If you have been to a JP Horizons event, you may remember that I always have a variety of quotes rotating up on the screen as people come into the room. I have been on the speaking trail quite a bit over the past couple of months and have had the chance to read those quotes many times. Or, maybe I should say, read one of those quotes quite a bit. It just seems like every time I look up at the screen while mingling around the room or preparing to get started, the slide that always catches my attention is the one that I quoted at the opening of this newsletter: "Your life is a direct reflection of how you treat people."

It has grabbed my attention so often lately that it's really caused me to do a little self-assessment and consider the question, "How am I treating people, and how would my life be different if I could make even a small improvement in this area?"

When we take the time to ask ourselves a sincere question, one that we really are open to the answer that may follow, we need to be prepared, because the answers will follow. Go ahead and read that last sentence again if you have the time because there are a couple of key points in it. If we ask a sincere question, the answers will come. The humbling thing about asking this question for me and the whole situation of being drawn to it is that the quote is out of my first book, Five Important Things. I made that quote up, and here I am, 15 years later, wondering how much progress I have made in this area. Well, the answers started to come. A little sketchy at first, but over a couple of days they seemed to come clearer and clearer, whether I wanted them or not . . . Hold on, you are going to get a little bit of self-disclosure from the road, yet I will also give reference to some things that I have gone back to read and consider. Things I have written in the past. I am thinking that if I wrote the quote that has started this whole reflective process, then maybe some of the other things I have written could bring about more insight.

- Jim Paluch


Doing Their Job

One of the interesting things about traveling so much is you get to meet a lot of people who are right in the middle of doing their jobs. Hardworking people such as Continental airline ticket agents and gate agents, rental car agents, cab drivers and shuttle bus drivers, hotel front desk clerks, banquet managers, audio/visual technicians, waitresses, business center workers, and a host of other people that I can come in contact with. I started asking myself the question, "How am I treating these individuals that are just trying to get by in what may not be the most rewarding positions at times?"

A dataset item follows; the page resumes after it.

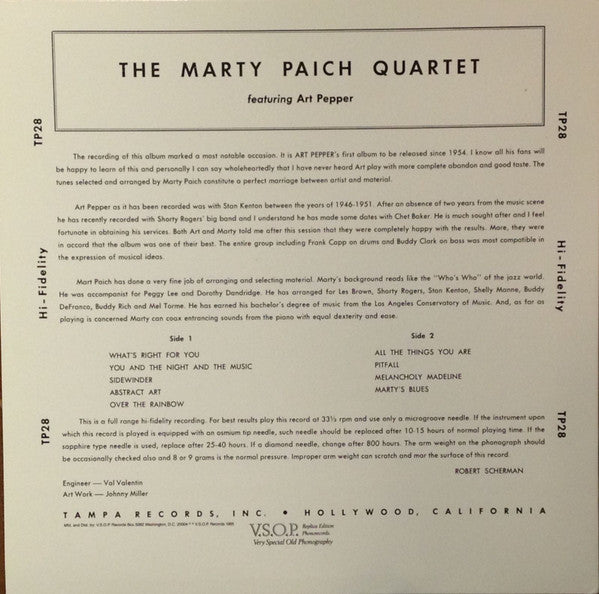 The Marty Paich Quartet - Marty Paich Quartet (Vinyl, LP, Album, Mono, Reissue) Very Good Plus (VG+) / Very Good (VG)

Well, I really did not like the answers that followed from that little constant voice running dialogue in my head. "Do you remember that a/v technician that you went nose to nose with just because you didn't like his prices? Or how about the ticket agent who just could not get you on the plane as a standby, no matter how gold or elite you felt your frequent flyer status was? She probably should have sat you in the corner for a timeout." Sometimes that inner dialogue can really let you have it if you are willing to let it speak. It could probably go on with more examples than I want to admit, but I will just let you in on one more just so you get the picture. ". . . how about that waitress, you know the one who started crying, in front of Beth and your sons several years ago, just because you had to give her a two-minute seminar on customer service, and conclude with, 'Now come on, get your head in the game.' And, oh yeah, how did you feel when her manager came out and asked you what you said to his waitress who is in the kitchen crying?" Now before I tarnish an image so badly that there may never be another person showing up for a seminar, let me just say, it does not happen frequently, but the question at this point is, "Is even once acceptable?" I don't think so, and I guess it is what I was thinking about when I wrote this little piece of "fiction" in Five Important Things and then forgot again many years later in the scene described above.



Doing Our Job

How about when you or I are right in the middle of doing our job? Is that an easy time to appreciate people? You know, when our customers are depending on our service or product. Sometimes we can be so focused on doing a good job that we lose focus on the privilege of having a job to do. I realize over the years that there were times that I could have been more responsive and more appreciative of being a resource, yet there have been times that I've fallen short. I could have been a little more responsive to my clients' needs and maybe just genuinely appreciative of them and their role in helping people as well



Choices and Follow Through

One last thought on this topic of how we treat people, and it goes back to the Five Important Things book as well. Important Thing Number 2 is "APPRECIATE PEOPLE" and it's at the core of treating people great. If we treat people great, and if we believe in the quote at the start of this newsletter . . . just think how tremendous our life will be! I was glad to read through them again and remember what inspired me to write these thoughts in the first place.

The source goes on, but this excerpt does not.